┏━━
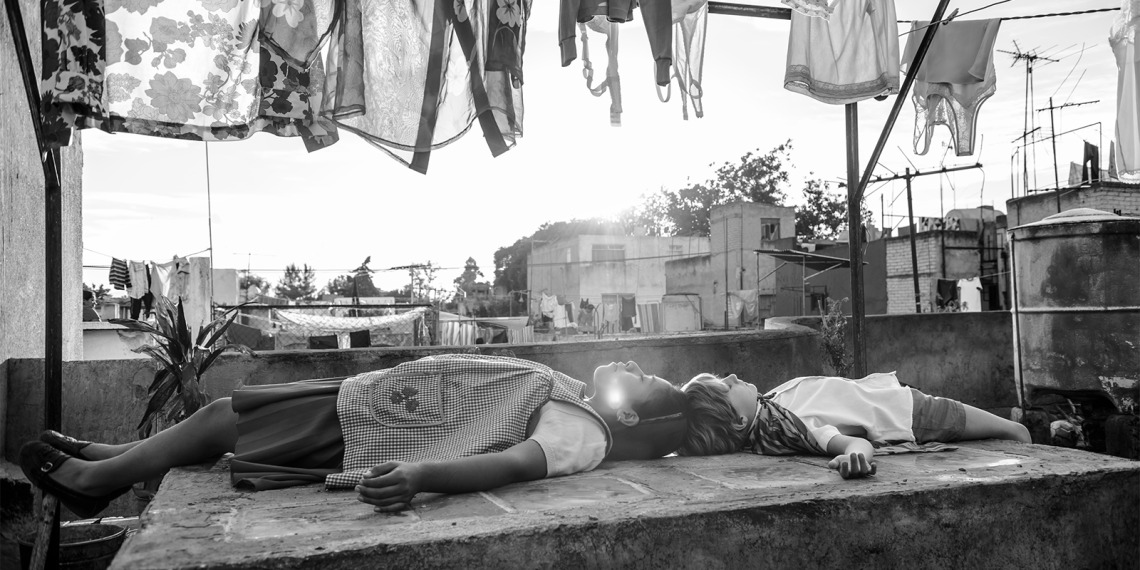 A still from Alfonso Cuarón's film, Roma, featuring two of the characters laying on a slab of concrete. 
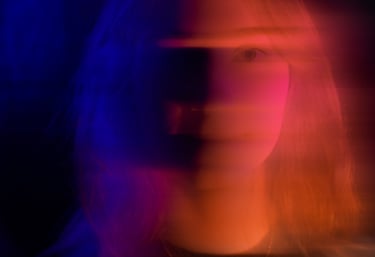 portrait d'une vidéaste avec des jeux de lumière rose et bleu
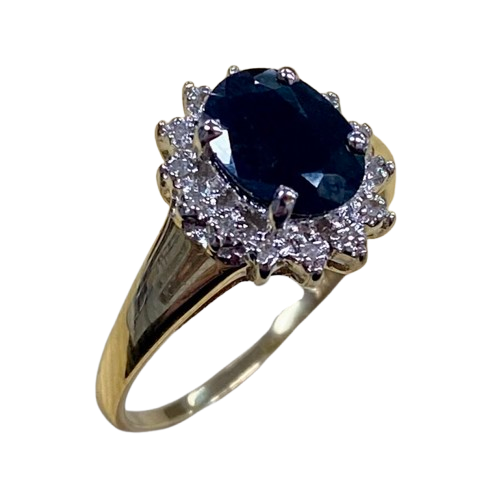 Ladies 9ct Yellow Gold 15 Stone Diamond & Sapphire Ring. Oval Sapphire In Rhodium 4 Claw Setting, Surrounded by 14 Single Cut Diamonds Illusion Bead Set in Rhodium Plated Basket, In Swept Up Shoulders. TDW 0.07ct. Size M/6.5, With Valuation Certificate – (NG 1307520)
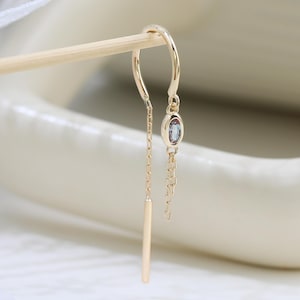 May include: A gold-toned threader earring featuring a curved wire, a small oval-shaped light blue gemstone, and a delicate chain ending in a slender gold-toned bar. The earring is suspended from a thin wooden stick against a soft white background.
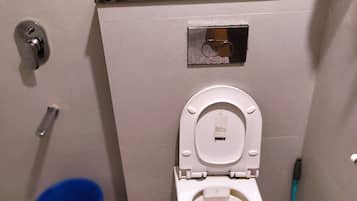 A small bathroom with a toilet, a blue bucket, and a toothbrush.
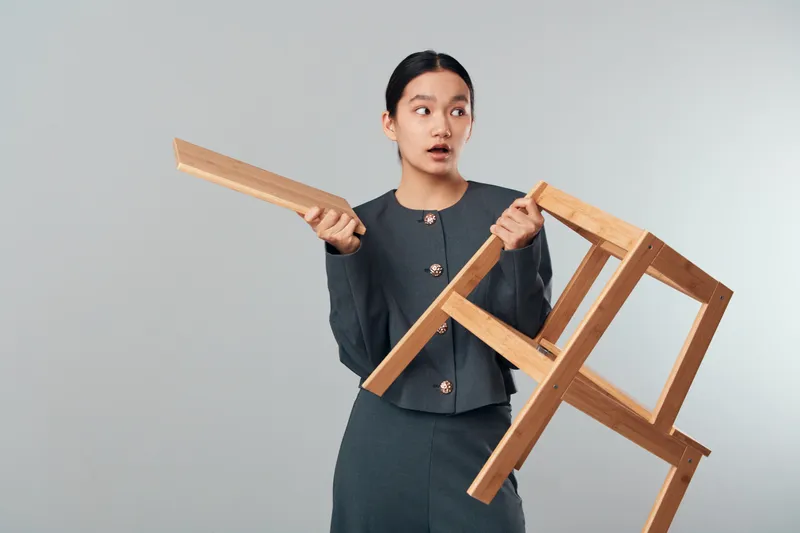 Surprised woman holding broken wooden chair frame and detached piece with worried expression on light background. Female in formal suit with dark hair in interior furniture repair or damage concept.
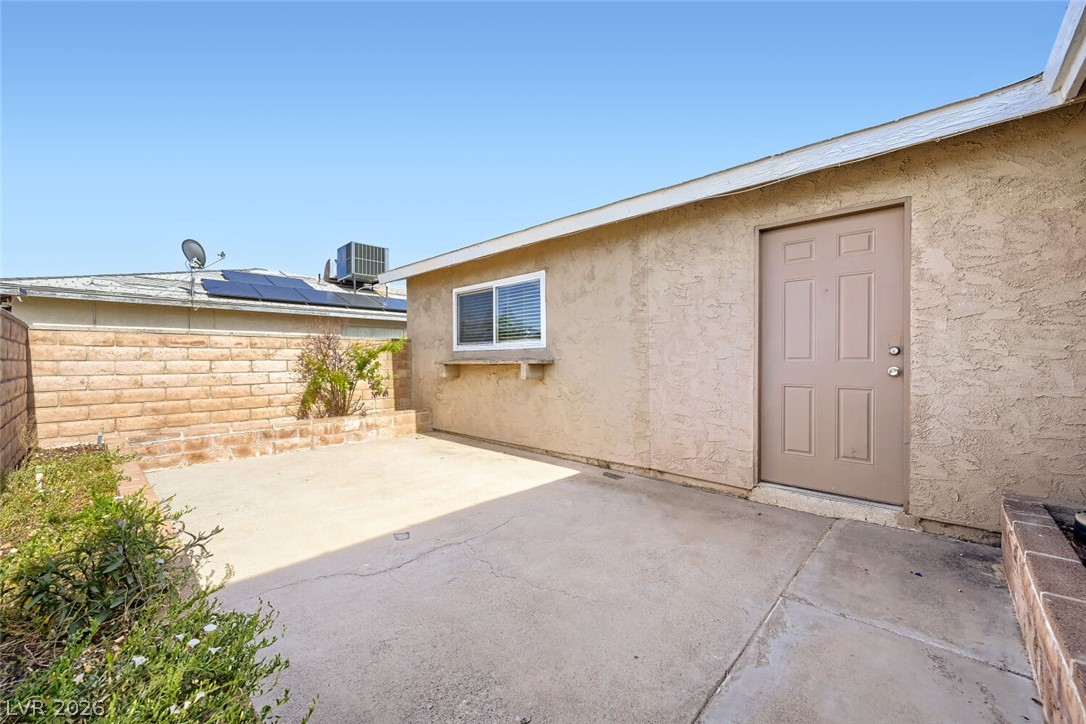 6321 Portola Road Las Vegas, NV 89108 - Photo 19 of 29 A well-maintained side yard offers a private patio area, ideal for relaxed outdoor living.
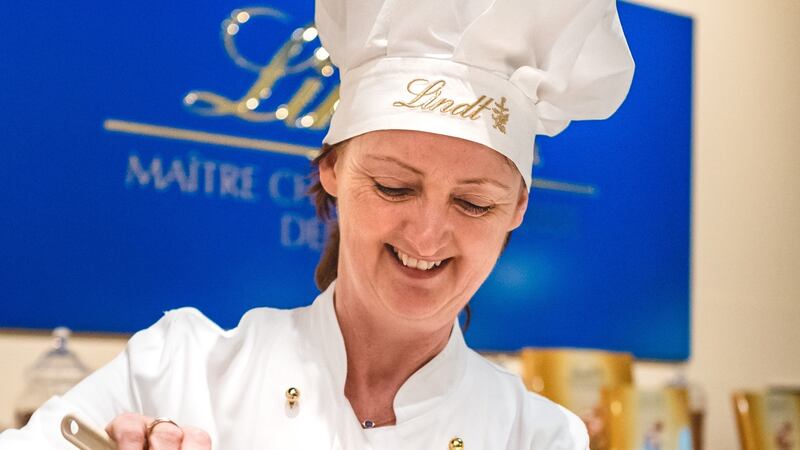 Marie-Claire Digby having a go at  making chocolate bars at the Lindt factory in Kilchberg, near Zurich. Photograph: Ondrej Kolacek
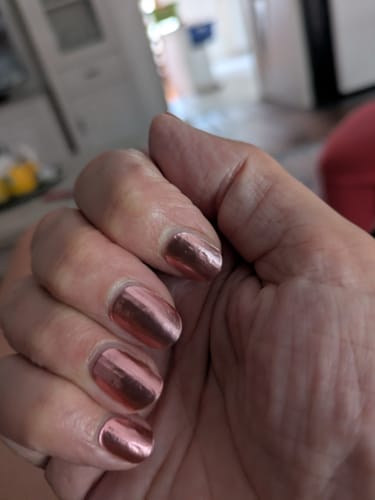 Nahaufnahme der Hand einer Kundin mit den aufgetragenen 'Rosé Chrome' UV-Nagelfolien, die einen starken, kupferfarbenen Glanz haben.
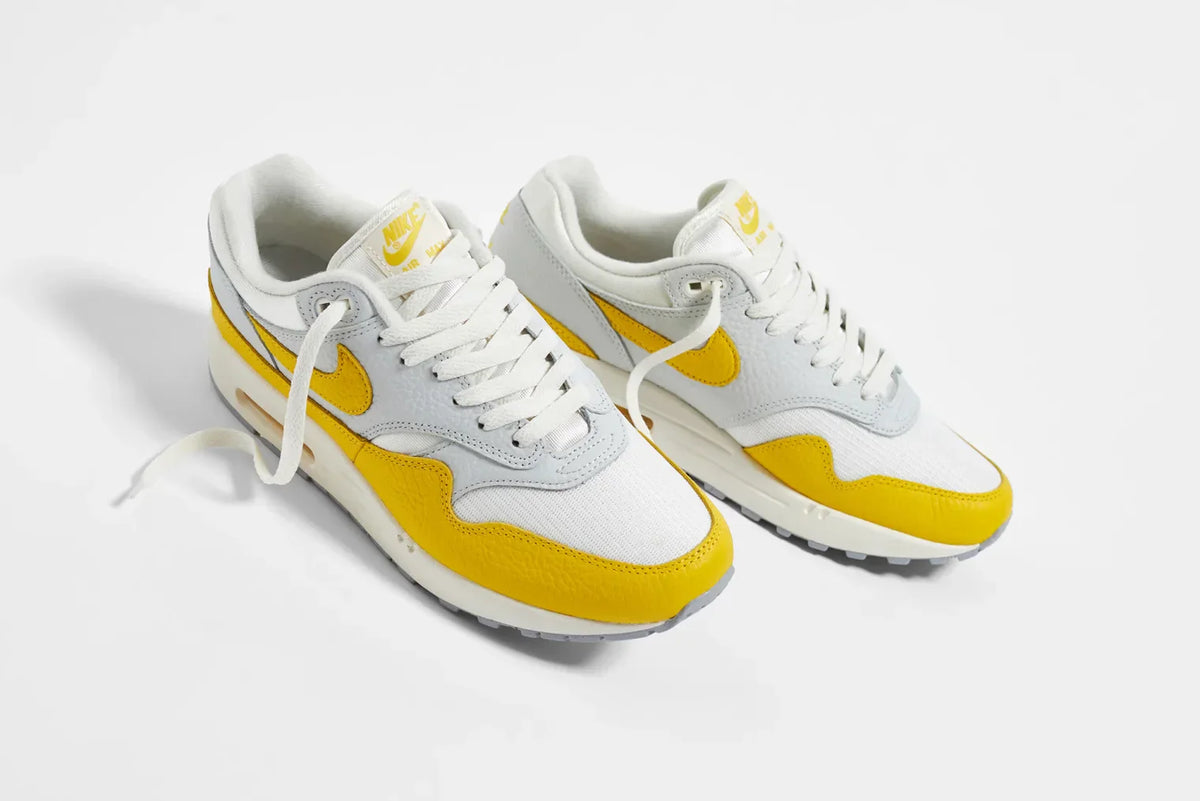 The NIKE AIR MAX 1 W "TOUR YELLOW" sneakers.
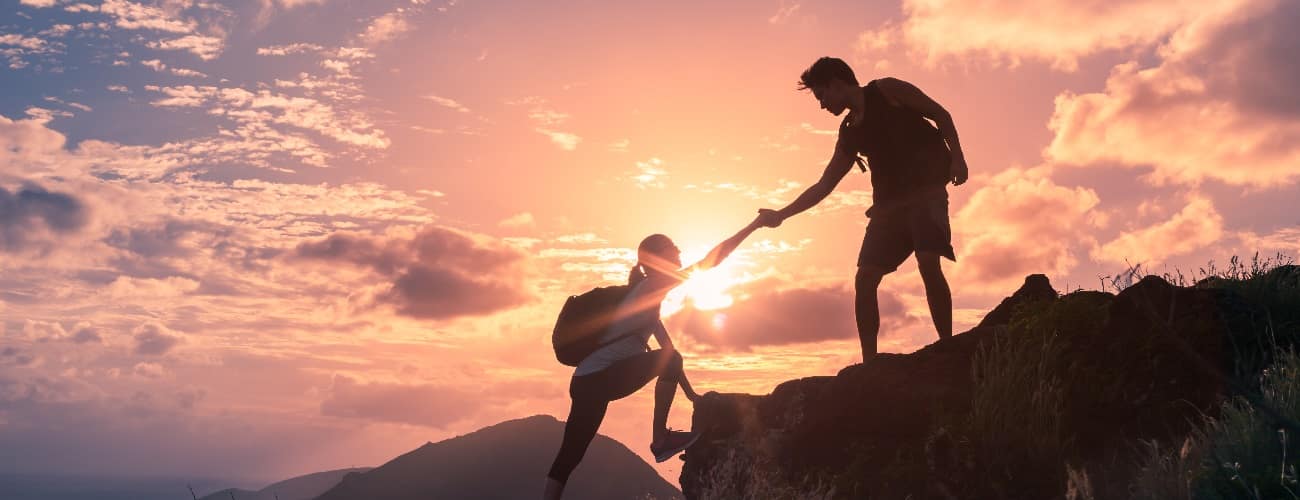 two people climbing a mountain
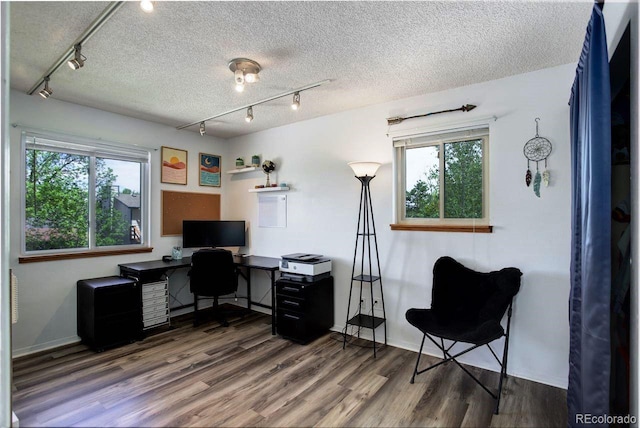 office space featuring track lighting, wood finished floors, healthy amount of natural light, and a textured ceiling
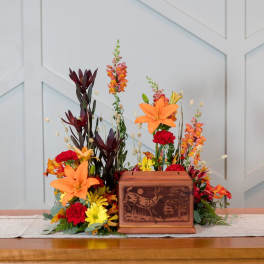 Autumn floral arrangement with lilies, snapdragons, and mums around a wooden box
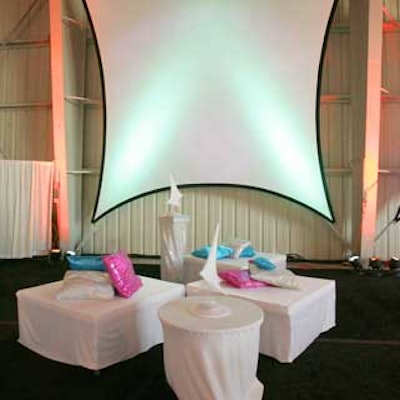 Draped banquettes and tables were used for stark lounge areas.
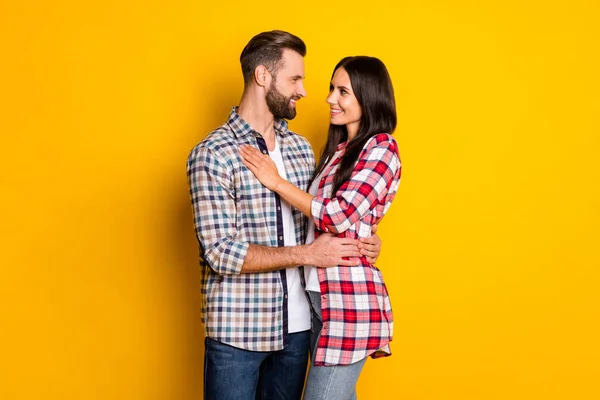 Profile side view portrait of attractive cheerful amorous couple embracing isolated over bright yellow color background — Stock Photo, Image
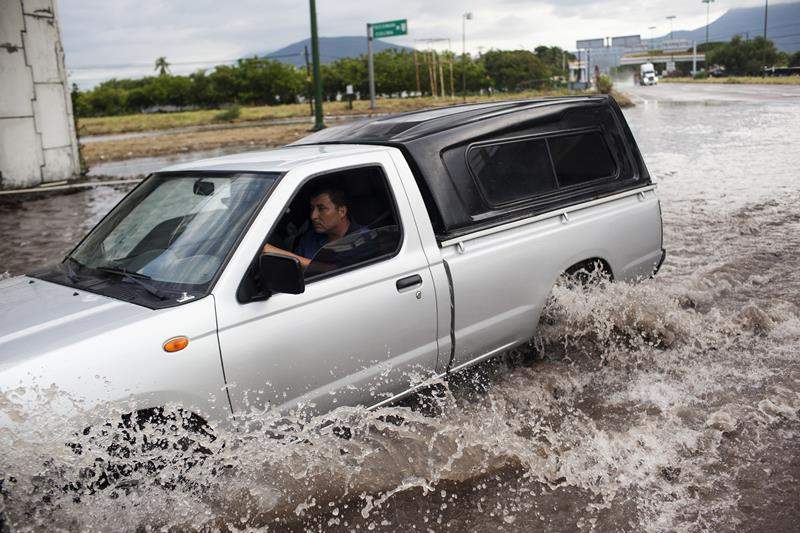 A truck drives through a flooded out turn off at the entrance to the city after heavy flooding from Hurriane Patricia October 24, 2015 in Tecoman, Colima, Mexico.
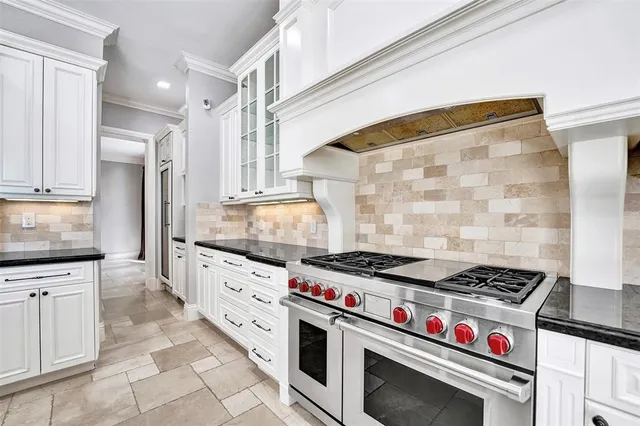 a view of a hallway with a ceiling fan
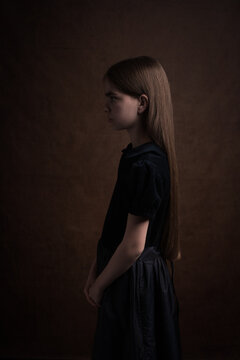 Classic dark renaissance portrait of brunette girl seen en profile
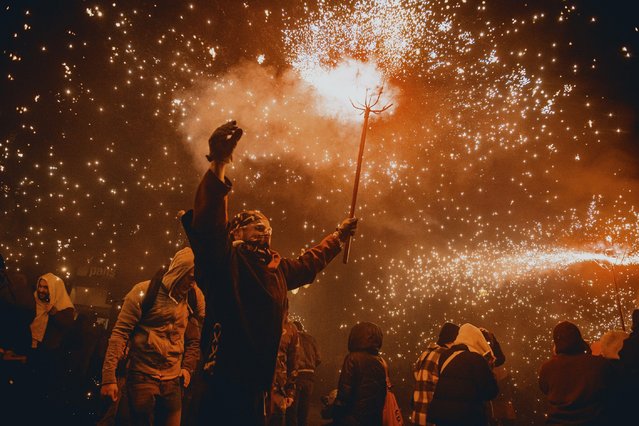 A fire runner in a devil costume dance to traditional drums under fireworks during the “Correfocs” (fire-runs) at Barcelona's winter city festival “Santa Eulalia” on February 8, 2025. (Photo by Matthias Oesterle/Alamy Live News)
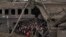 Ирпень, 5 марта 2022 года. Люди на выходе из города прячутся под полуразрушенным атомобильным мостом. Иллюстративное фото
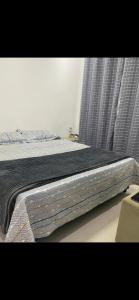 a bed with a black blanket on it in a bedroom at Centro próximo à rua das pedras in Búzios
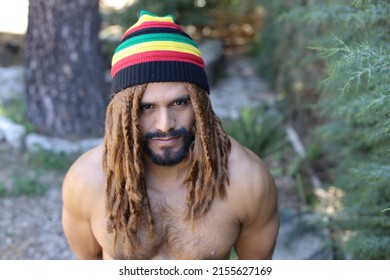 Stylish long haired man with dreadlocks - Powered by Shutterstock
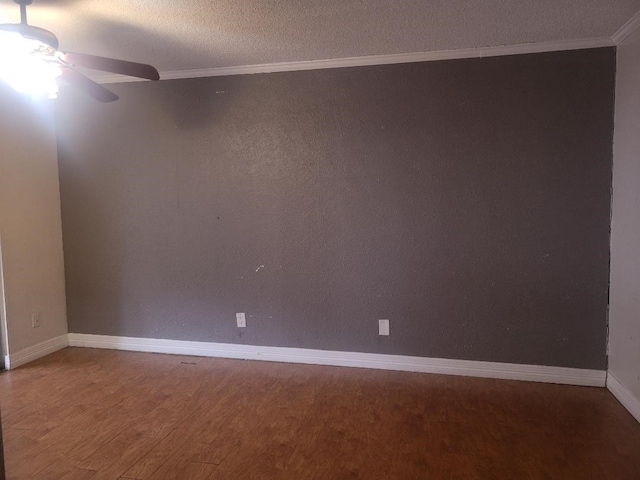 734 Sceptre Cir, Garland, TX 75043 - empty room with ceiling fan, crown molding, wood finished floors, and a textured ceiling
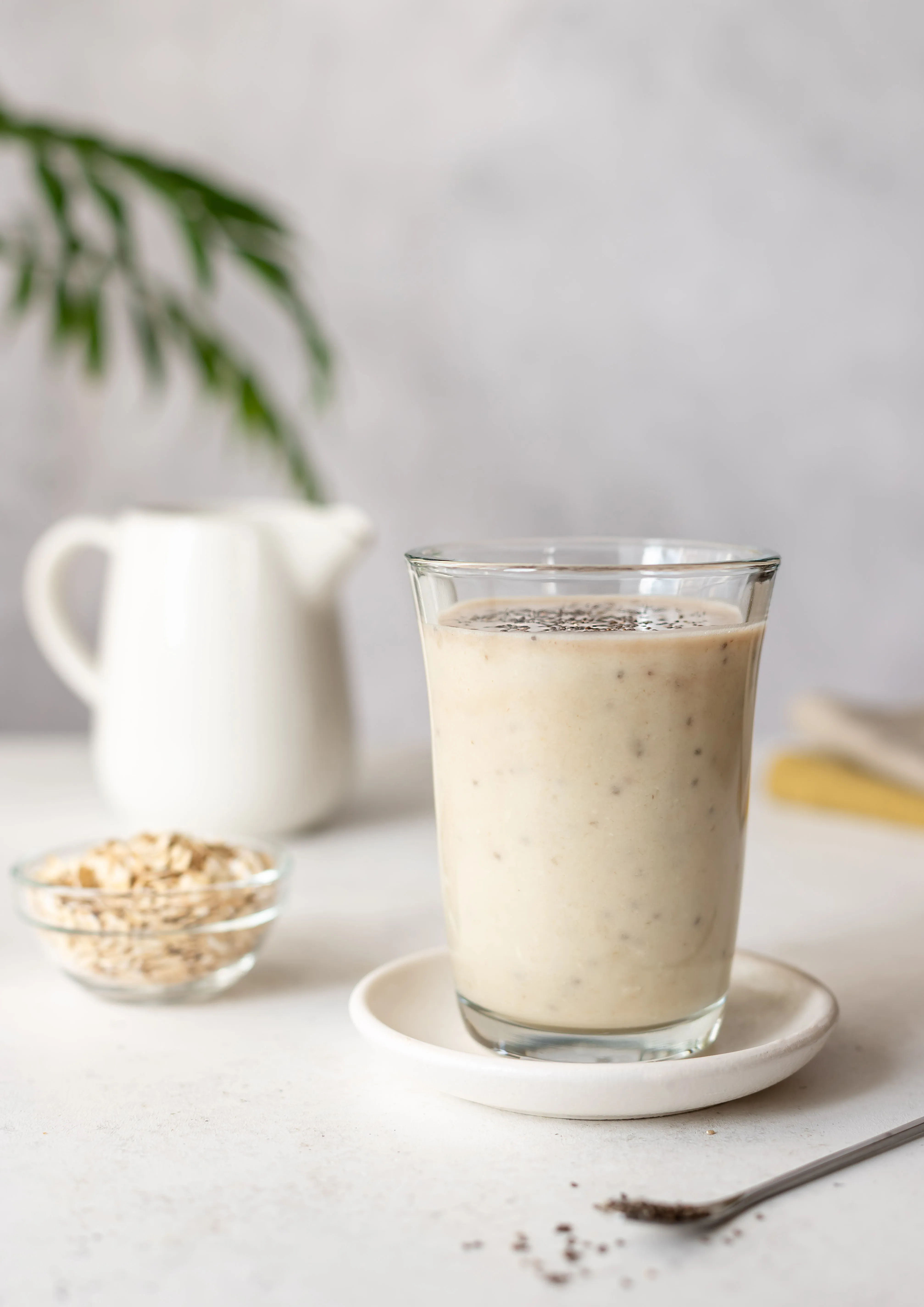 A glass of oat smoothie next to a small bowl of rolled oats and a white pitcher.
┗━━
> WHAT THE TASK ASKS
Hand back the exact lines from the start of the entries to the line with "Marie-Claire Digby having", both ends kept and pictures left out.

> SOLUTION FOR THIS PROBLEM
 A still from Alfonso Cuarón's film, Roma, featuring two of the characters laying on a slab of concrete. 
 portrait d'une vidéaste avec des jeux de lumière rose et bleu
 Ladies 9ct Yellow Gold 15 Stone Diamond & Sapphire Ring. Oval Sapphire In Rhodium 4 Claw Setting, Surrounded by 14 Single Cut Diamonds Illusion Bead Set in Rhodium Plated Basket, In Swept Up Shoulders. TDW 0.07ct. Size M/6.5, With Valuation Certificate – (NG 1307520)
 May include: A gold-toned threader earring featuring a curved wire, a small oval-shaped light blue gemstone, and a delicate chain ending in a slender gold-toned bar. The earring is suspended from a thin wooden stick against a soft white background.
 A small bathroom with a toilet, a blue bucket, and a toothbrush.
 Surprised woman holding broken wooden chair frame and detached piece with worried expression on light background. Female in formal suit with dark hair in interior furniture repair or damage concept.
 6321 Portola Road Las Vegas, NV 89108 - Photo 19 of 29 A well-maintained side yard offers a private patio area, ideal for relaxed outdoor living.
 Marie-Claire Digby having a go at  making chocolate bars at the Lindt factory in Kilchberg, near Zurich. Photograph: Ondrej Kolacek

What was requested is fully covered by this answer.